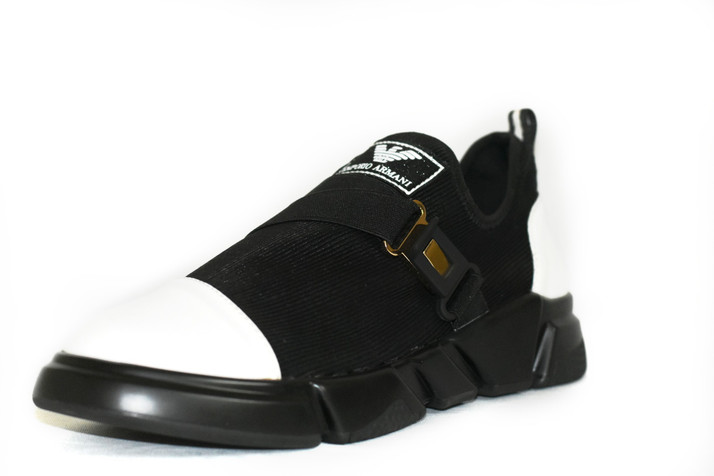 emporio armani shoes price in india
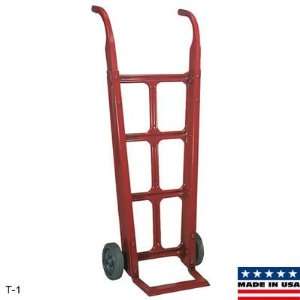  Wesco 210090 T 1 Freight King Hand Truck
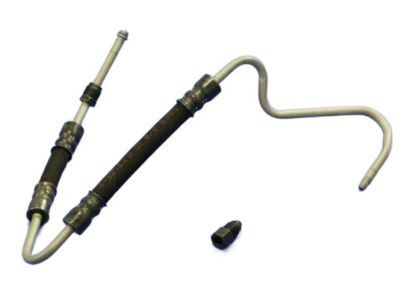 Dodge 5102281AA LINE Power Steering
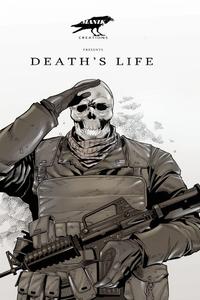 Death's Life (CreateSpace Independent Publishing Platform)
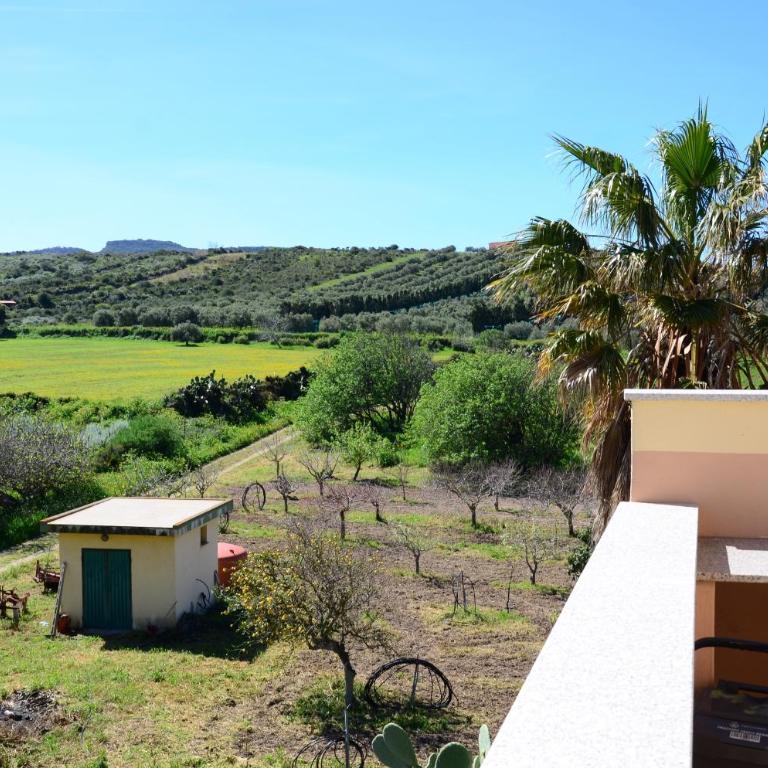 Fico d'India Country View - Appartamento Superior con Vista Città - 28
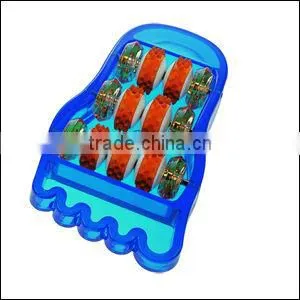 Promotional Facial Massager with Customized Printing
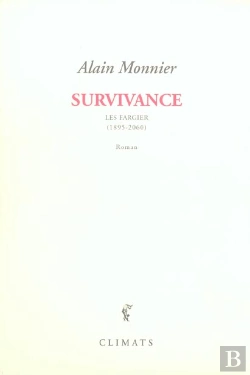 Bertrand.pt - Survivance ; Les Fargier ; 1880-2080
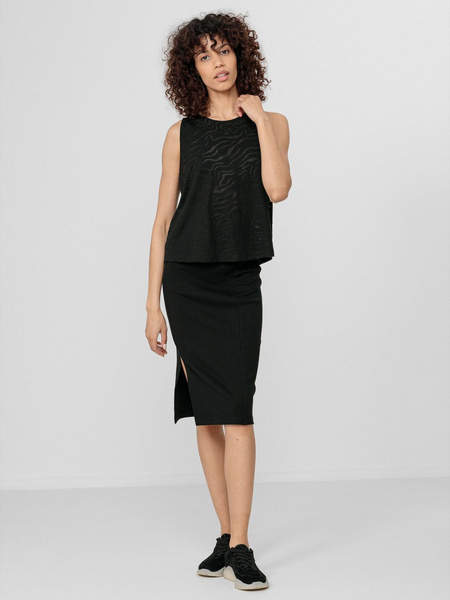 Spódnica damska 4F H4L22-SPUD011-20S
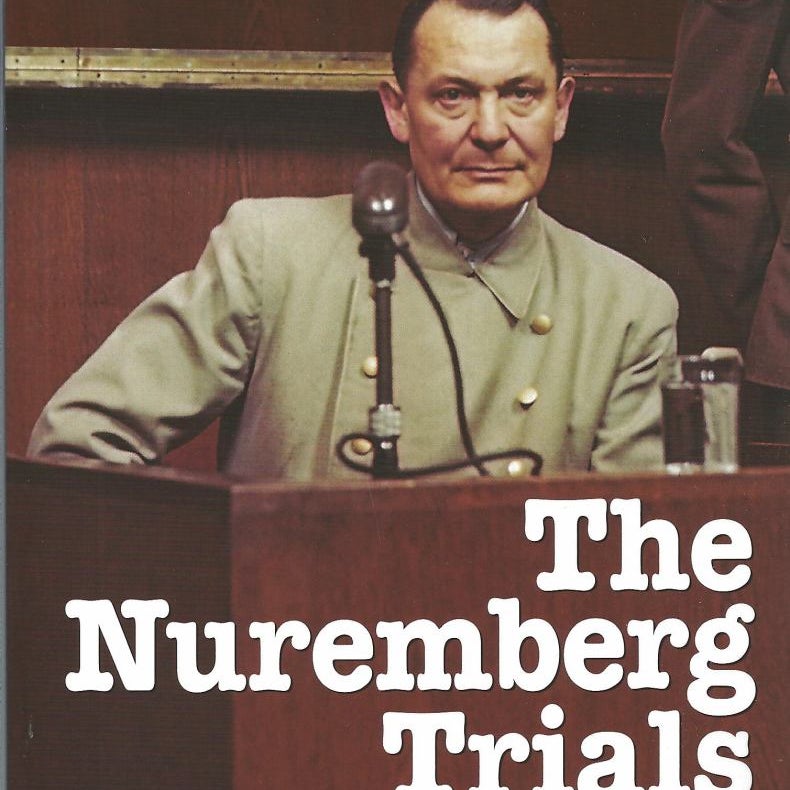 The Nuremberg Trials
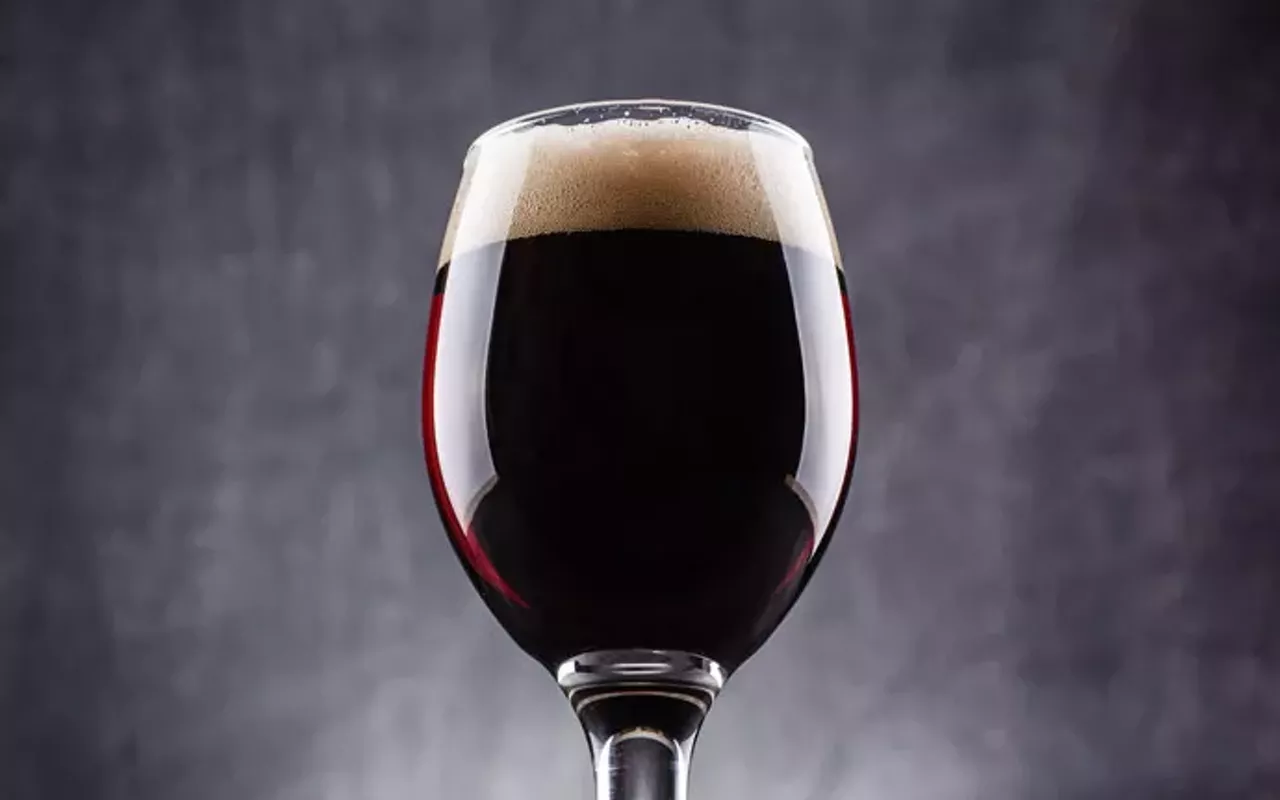 black friday is filled with big, bold beer events in st. louis.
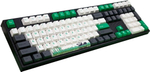 Клавиатура VARMILO VEM108 Panda R2 A36A029B1A3A17A026 черный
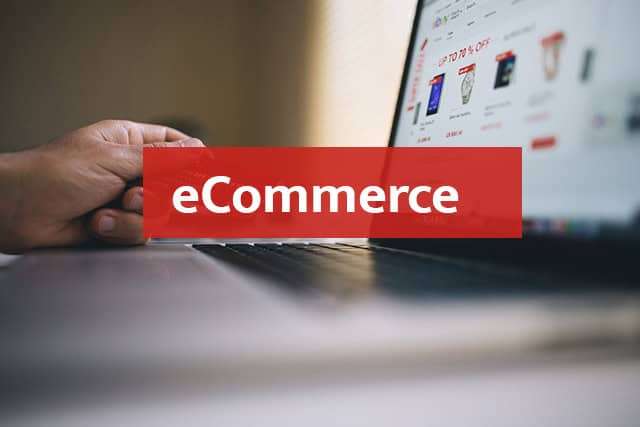 ecommerce digital marketing web design in dubai
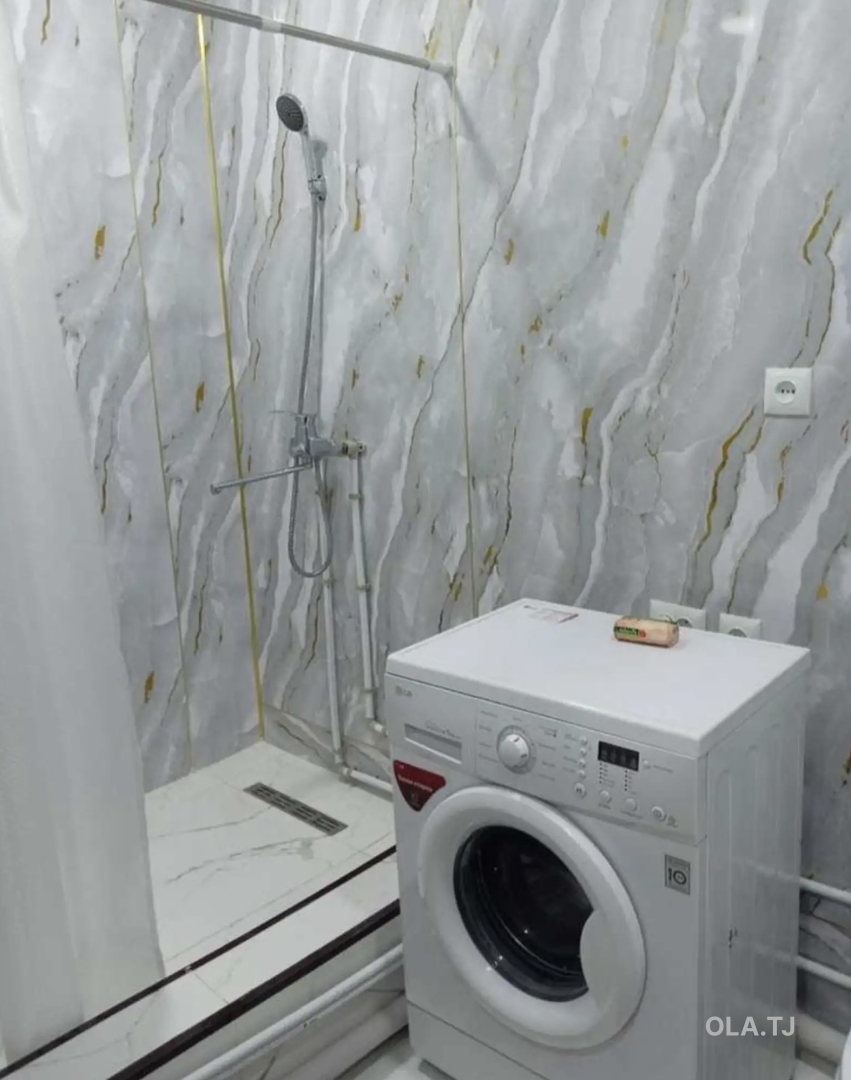 2 комнатная квартира, 19 этаж, 50 м²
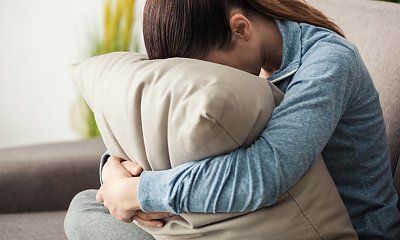 "Nie jestem w stanie pokochać 4-letniego syna tak jak starszej córki. On za bardzo przypomina mi byłego męża"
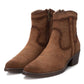 Xti - Women's Italian Western Booties
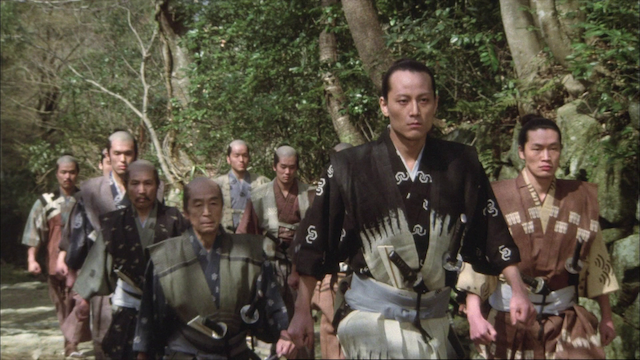 Maboroshi no mizuumi (1982) (HD) by Shinobu Hashimoto-poster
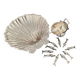 Coupe sucrier dauphins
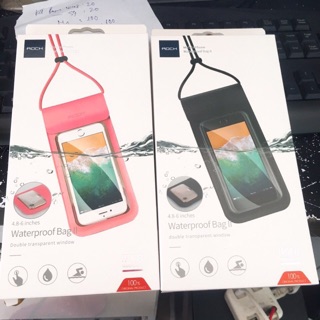 Túi chống nước Waterproof Rock Waterproof phiên bản cao cấp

———

### EXERCISE DESCRIPTION
Every record above should reappear exactly, with the pictures gone.

### THE COMPLETED TASK
 emporio armani shoes price in india
  Wesco 210090 T 1 Freight King Hand Truck
 Dodge 5102281AA LINE Power Steering
 Death's Life (CreateSpace Independent Publishing Platform)
 Fico d'India Country View - Appartamento Superior con Vista Città - 28
 Promotional Facial Massager with Customized Printing
 Bertrand.pt - Survivance ; Les Fargier ; 1880-2080
 Spódnica damska 4F H4L22-SPUD011-20S
 The Nuremberg Trials
 black friday is filled with big, bold beer events in st. louis.
 Клавиатура VARMILO VEM108 Panda R2 A36A029B1A3A17A026 черный
 ecommerce digital marketing web design in dubai
 2 комнатная квартира, 19 этаж, 50 м²
 "Nie jestem w stanie pokochać 4-letniego syna tak jak starszej córki. On za bardzo przypomina mi byłego męża"
 Xti - Women's Italian Western Booties
 Maboroshi no mizuumi (1982) (HD) by Shinobu Hashimoto-poster
 Coupe sucrier dauphins
 Túi chống nước Waterproof Rock Waterproof phiên bản cao cấp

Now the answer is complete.